Image analysis and quantification

For image analysis, microscopy files were loaded into Fiji v2.0.0-rc-34/1.50a. First, images at 0 min and 5 min (HeLa Kyoto) or 12 min (Caco-2 BBe1, SW-480) were extracted, followed by background subtraction. To this end, the threshold was taken to the upper limit to select an area without cells, but the threshold was not applied on the image. Within this area, a measurement for the mean gray value was taken and subtracted from the entire image using [Process-Math-Subtract]. The threshold was then adjusted to the cell boundaries and used to transform the image into a binary image. Next, segmentation was carried out using a median filter (2px), and the functions’fill holes’ and ’watershed’. For manual correction of cell segmentation, the original image was used as an overlay. The result was saved as mask 1. Next, an erosion step with a minimum filter was applied using [Process-Filter-Minimum (15 px)]. The result was saved. Using [Process-ImageCalculator], the latter image was then subtracted from mask 1. The result was saved as mask 2. Masks were then applied onto the raw images at 0 min and 5 or 12 min, respectively, and particle analysis was used for determining the mean gray value within the selected areas of mask 1 and 2 on the single cell level. These values were then further processed as shown for the analysis of HeLa Kyoto cells (5 min) in Eq. (1):

$$f_{{\mathrm{GAB}}2} = \frac{{m_{{\mathrm{mask}}2\left( {5{\mathrm{min}}} \right)}/m_{{\mathrm{mask1}}\left( {5{\mathrm{min}}} \right)}}}{{m_{{\mathrm{mask}}2\left( {0{\mathrm{min}}} \right)}/m_{{\mathrm{mask}}1\left( {0{\mathrm{min}}} \right)}}},$$
(1)

where fGAB2 is a numerical factor for GAB2 accumulation at the cell periphery, m is the mean gray value, mask 1 is nucleus and cytoplasm and mask 2 is cell periphery and membrane. This resulted in the fold-enrichment of GAB2 at the plasma membrane for EGF/PDP(m)-Nal addition.

These data were then imported into R/RStudio and plotted using ggplot2. Wilcoxon signed-rank test was carried out to assess significance in Fig. 6e and Supplementary Fig. 8. Obtained p-values were adjusted for multiple testing with the Benjamini–Hochberg method.

Statistics

Student’s t test, Wilcoxon test, Fisher’s exact test (95% confidence interval) and one-way ANOVA have been used in the course of this study.

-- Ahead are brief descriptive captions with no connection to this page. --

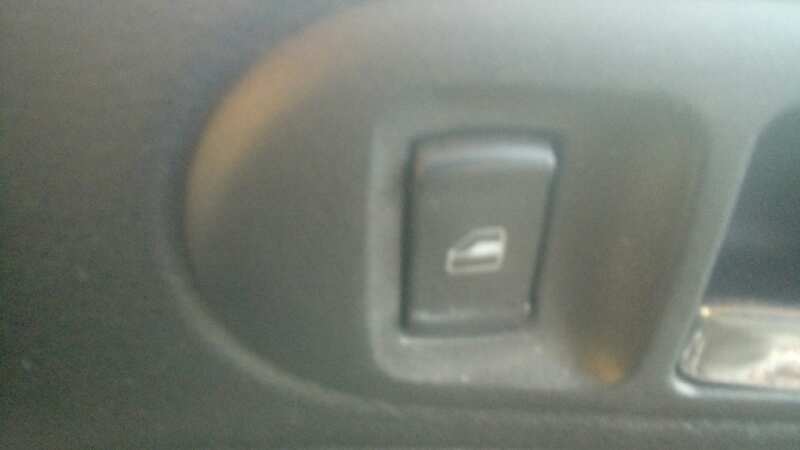 MANDO ELEVALUNAS DELANTERO DERECHO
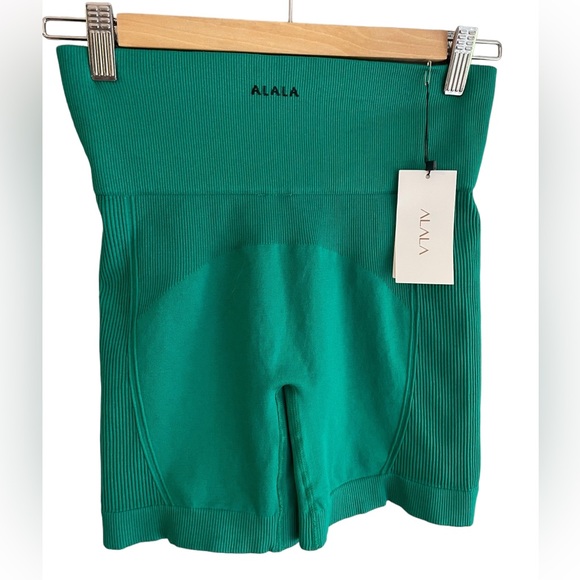 ALALA Barre Shorts in Emerald NWT - Picture 2 of 8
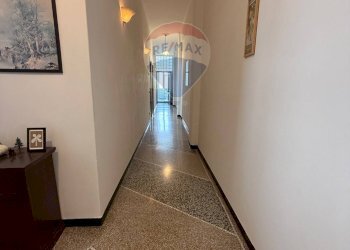 Hall / corridoio - Quadrilocale via valbormida
 
29, Cengio - foto 15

For clarity we have described the specific test details at the end of each respective experimental sections. In case adjusted p-values are reported in order to control for multiple comparisons, Benjamini–Hochberg correction was applied. The underlying results and exact p-values of statistical analysis using the Fisher’s exact test are also shown in the Source Data.

Reporting summary

Further information on research design is available in the Nature Research Reporting Summary linked to this article.